Confieso que cuando bajé del AVE y salí de la estación de Sants me sentí alegremente decepcionado al comprobar que en las calles de Barcelona, colgadas en los balcones y ventanas, había más banderas de España y senyeras constitucionales que las llamadas “esteladas” (“estrelladas” en español, que viene de estrella, como estrellarse). Me temía otra cosa, pero lo cierto es que, como luego me confirmaron algunos barceloneses, la manifestación gigantesca del pasado domingo día 8, en la que casi un millón de catalanes reivindicaron su orgullo de sentirse españoles, ha marcado un punto de inflexión, un antes y un después en la historia reciente de Cataluña. Porque lo cierto es que la gente ha perdido el miedo a manifestarse contra el separatismo.

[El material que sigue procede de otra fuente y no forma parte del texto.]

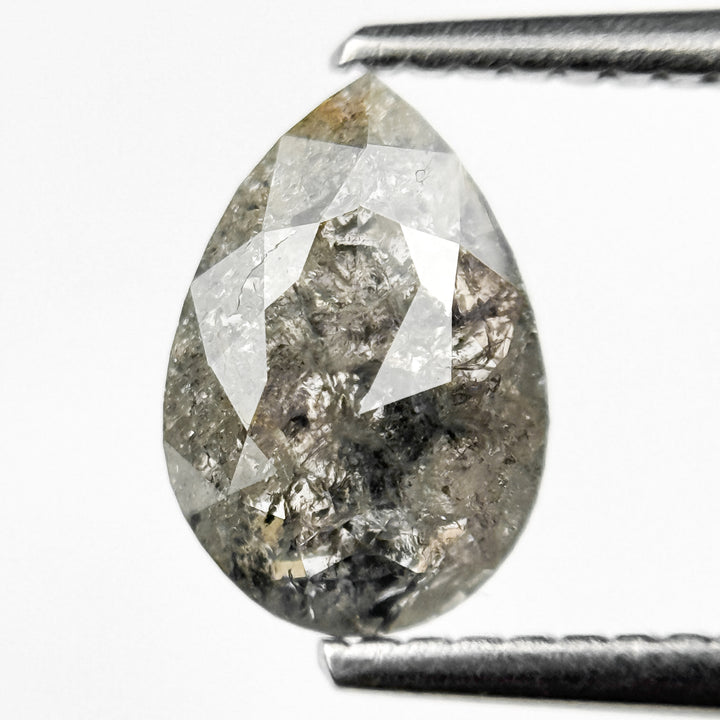 1.51 Ct Pear Rose Cut Grey Natural Salt and Pepper Diamond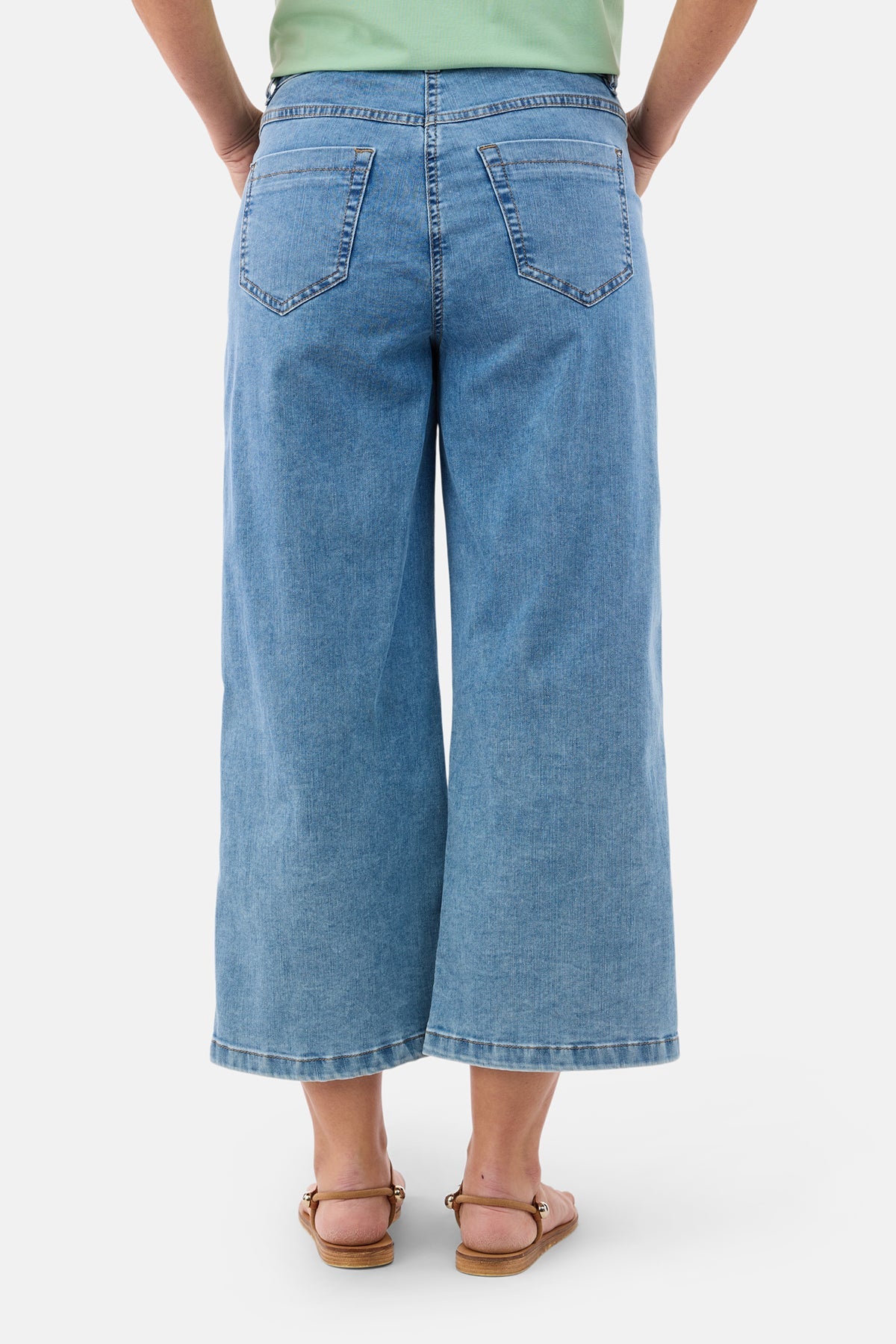 Jeans - Blå - Broderidetalje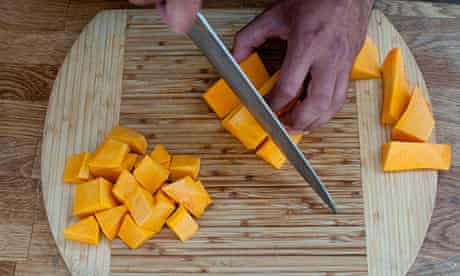 Dan step 2: Peel pumpkin, chop into cubes, bake or microwave, covered, without water, until tender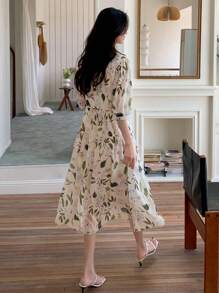 DAZY Floral Print Puff Sleeve Dress - Green - View 2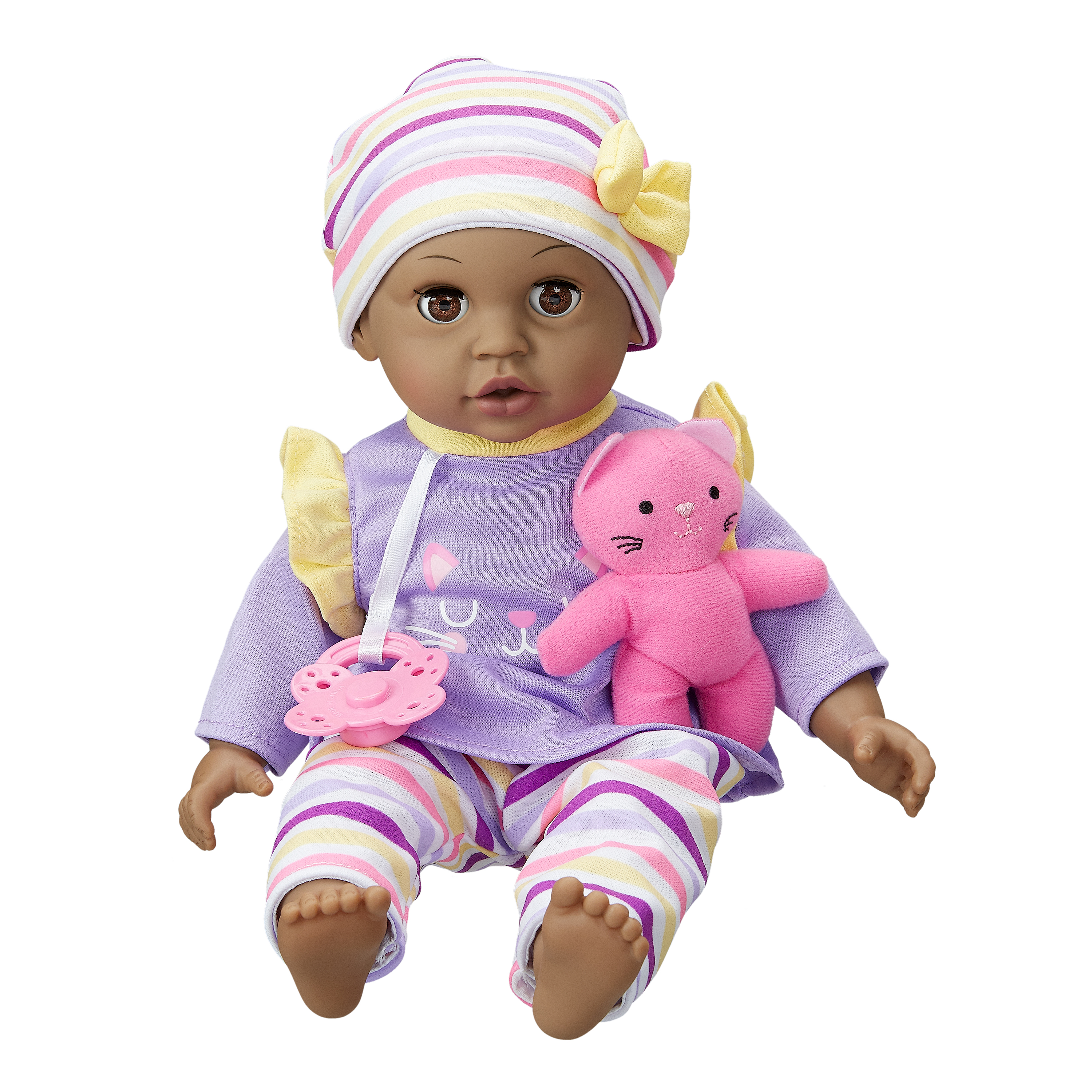 My Sweet Love Baby Maggie 14\" Doll, African American, 4 Pieces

De poco valen ya las descalificaciones y señalamientos de los disidentes, o el lanzamiento de huevos contra los balcones y ventanas insumisas... Mucha gente está muy harta, y no hay ya huevos suficientes en Cataluña para silenciar a cuantos ciudadanos quieren seguir siendo catalanes, españoles y europeos. No hay huevos suficientes para amedrentar a cuantos ven en nuestra Constitución el paraguas bajo el que vivir en democracia, prosperidad y libertad.

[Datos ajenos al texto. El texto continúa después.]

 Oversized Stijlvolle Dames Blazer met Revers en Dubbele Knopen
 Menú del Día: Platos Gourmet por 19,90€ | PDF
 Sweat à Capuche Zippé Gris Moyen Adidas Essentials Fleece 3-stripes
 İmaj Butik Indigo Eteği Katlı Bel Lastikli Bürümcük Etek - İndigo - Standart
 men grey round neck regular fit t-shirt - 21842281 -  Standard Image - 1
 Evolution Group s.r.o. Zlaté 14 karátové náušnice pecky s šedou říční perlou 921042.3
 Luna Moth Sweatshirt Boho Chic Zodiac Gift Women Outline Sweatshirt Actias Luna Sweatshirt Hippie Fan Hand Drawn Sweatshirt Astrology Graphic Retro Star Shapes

A eso se le llama salir del armario. Un armario cerrado a cal y canto durante mucho tiempo por los vigilantes del separatismo, en su estrategia de silenciar a quienes piensan diferente para imponer un pensamiento único. Un armario cerrado con los candados de la descalificación, del insulto o incluso de la amenaza más o menos velada tras una sonrisa de hielo. Un armario del que quienes osaron salir se encontraron con un rechazo social intimidatorio y organizado, o incluso con la muerte civil (que le pregunten al dramaturgo Albert Boadella). Pero ahora, tras el discurso del Rey, que fue el aldabonazo, y las manifestaciones de los días 8 y 12 de octubre, todos los candados y cerraduras han saltado por los aires y el armario se ha abierto de par en par para que en Barcelona se respire de nuevo al aire fresco de la libertad.
Daba gusto pasear por el centro de Barcelona la tarde del jueves 12 de octubre, día de la Fiesta Nacional de España, entre centenares de ciudadanos envueltos en senyeras constitucionales o en banderas rojigualdas, exhibiendo sin miedo su orgullo de sentirse catalanes y al mismo tiempo españoles. Mas al fin uno se harta de tanto trapo, se olvida de ellos, y se dedica solo a disfrutar de la preciosa capital catalana ahora que el turismo ha sufrido un receso y los hoteles y restaurantes rebajan sus precios para atraer clientela. Porque al fin y al cabo, como reza una pintada aparecida en las calles de Cádiz, “vuestras banderas son todas made in China”.